INSTRUCTIONS TO FOLLOW: What is needed is the exact text of each line in the listing below from the one with "萝卜最好吃做法,不用炒不凉拌,一次3斤不够吃,给红烧肉也不换" up to and including the one with "Triumph Speed Triple R (2012-2015): Test & Kaufberatung Triumph", and no pictures.

INFORMATION SHOWN:
• • • • • • •

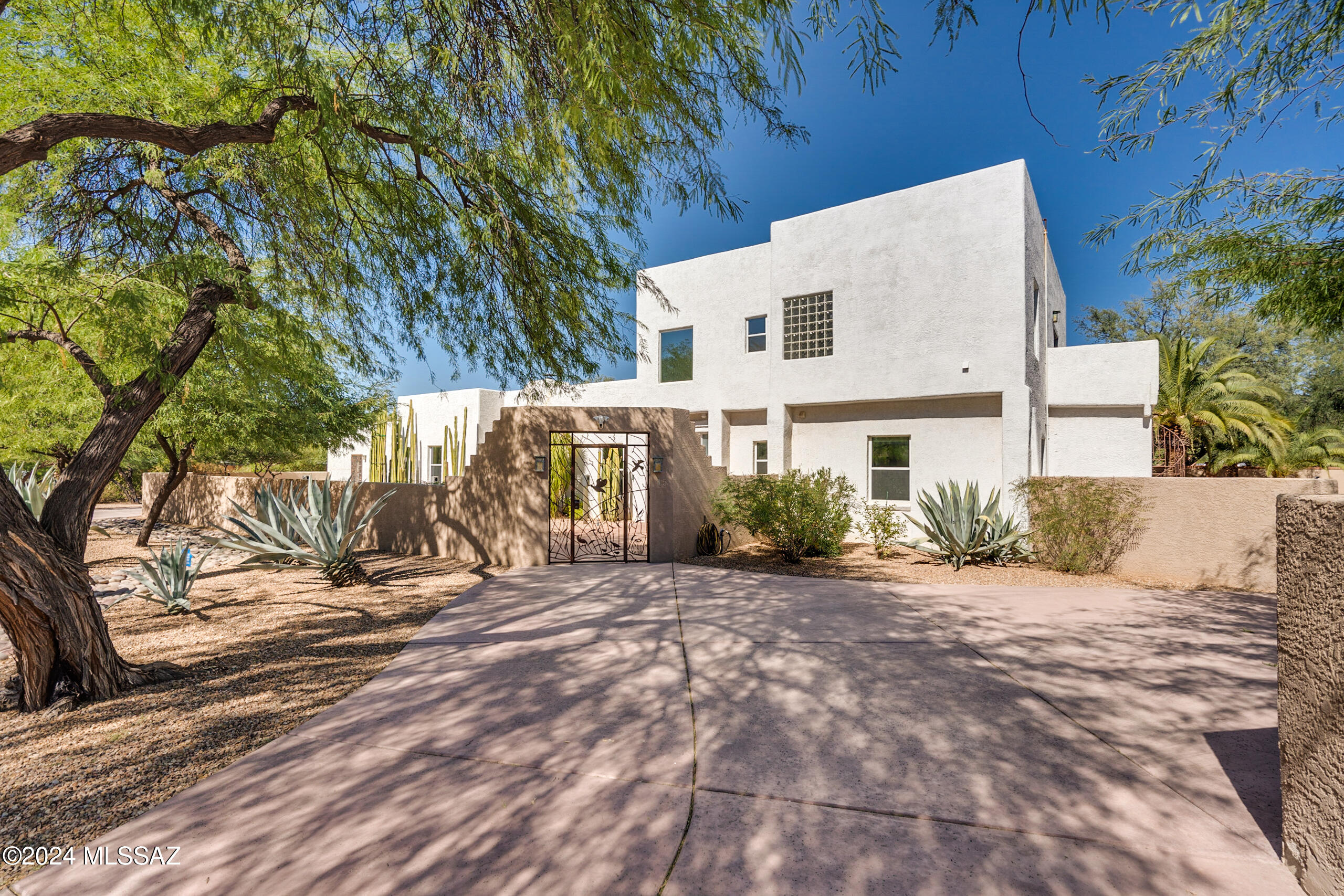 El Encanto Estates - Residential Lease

• • • • • • •

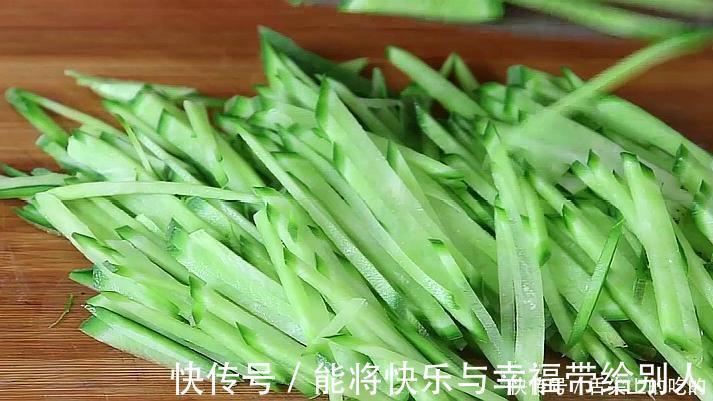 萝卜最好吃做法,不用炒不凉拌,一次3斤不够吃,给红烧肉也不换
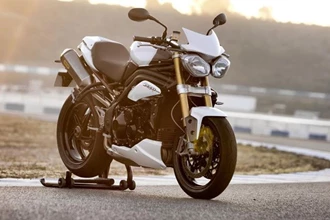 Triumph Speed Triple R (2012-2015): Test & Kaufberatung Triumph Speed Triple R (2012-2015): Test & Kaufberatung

• • • • • • •

SOLUTION TO THIS EXERCISE:
 萝卜最好吃做法,不用炒不凉拌,一次3斤不够吃,给红烧肉也不换
 Triumph Speed Triple R (2012-2015): Test & Kaufberatung Triumph Speed Triple R (2012-2015): Test & Kaufberatung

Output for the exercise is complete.